Oil Palm Industry Economic Journal Vol. 5 (1) March 2005 p. 1-13
DOI:

The Role of Research and Development Strategies in Food Safety and Good Agricultural, Manufacturing and Distribution Practices in the Malaysian Palm Oil Industry

Yusof Basiron and Chan Kook Weng
Received:    Accepted:    Available Online:

ABSTRACT:

Globalization has expanded the Malaysian palm oil export market to over 140 countries. Research and development strategies carried out by Malaysian Palm Oil Board (MPOB) continue to provide information to demonstrate proactively food safety with negligible risk in its global supply chains. By examining the factors of air, water, soil, agricultural input, raw material and human used in the production, processing and manufacturing operations, the sound knowledge of science and technology from the 209 MPOB innovations, when combined with business and application of the widely accepted rigorous and systematic method of assessing and controlling hazards through the food chain, has ensured that palm oil remains an agricultural product that is healthy and safe to the customer.
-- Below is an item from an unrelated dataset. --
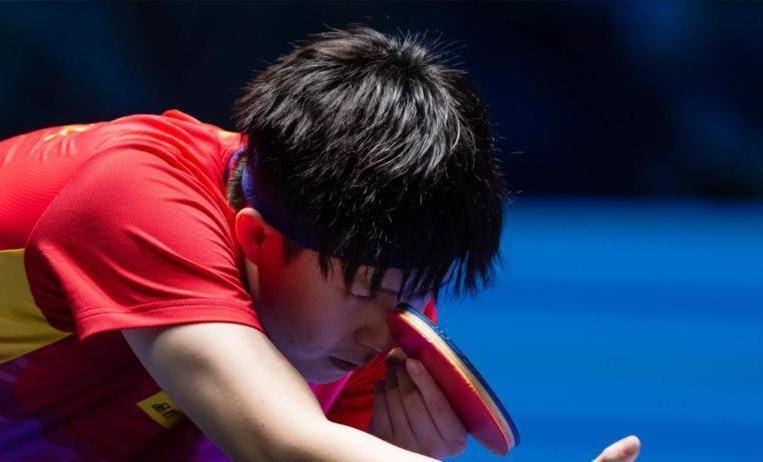 包含赛地聚焦:荷甲冲刺阶段热度飙升,底特律活塞状态回暖,球迷炸锅,纪律约束更严格的词条 包含赛地聚焦:荷甲冲刺阶段热度飙升,底特律活塞状态回暖,球迷炸锅,纪律约束更严格的词条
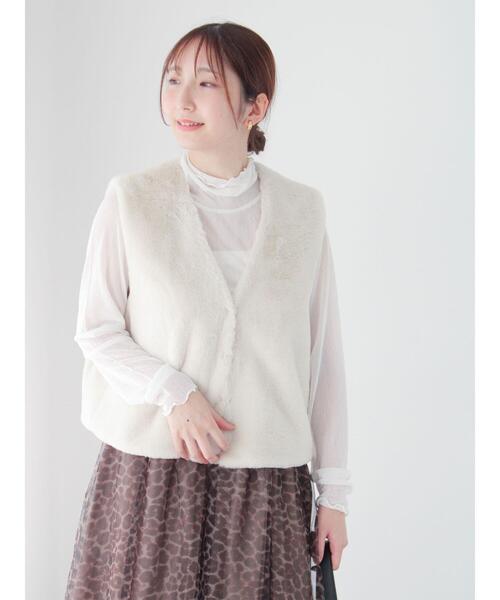 Te chichi TERRASSE（テチチテラス）の「シアータートルトップス（Tシャツ/カットソー・レディース・ブラック/オフホワイト/ブルー・F）」の10枚目の写真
Throughout the food supply chain, the general principles of hazard analysis by critical control points (HACCP) have been incorporated into food safety legislation, long before they were officially introduced, to check the hygiene requirement and to use as a practical means of standardizing international food quality control and assurance practices. Every stage of preparation, processing, transport and distribution of palm oil is examined so that the final palm oil products for retailing to customers indeed are safe and nutritious. An effort is made to communicate new R&D findings to retain the credibility and trust of customers who will understand what lies behind such a food safety assurance scheme. The value-add throughout the supply chain covers good agricultural practices (GAP), good manufacturing practices (GMP) and good distribution practices (GDP). Built into a database, the information gathered allows the effectiveness of the good practices in food safety management, detection of contaminants, toxicology, novel processing, packaging and application of risk management to be evaluated. The harmonization of these good practices towards standardization provides a high level of confidence to the operational entities and the customers. The auditors and assessors when benchmarked by accredited bodies that are internationally recognized, the industry will attain integrity by their assessment. Knowledge that Malaysian palm oil products are produced to an agreed standard will further boost consumer confidence by making them even more acceptable by people the world over.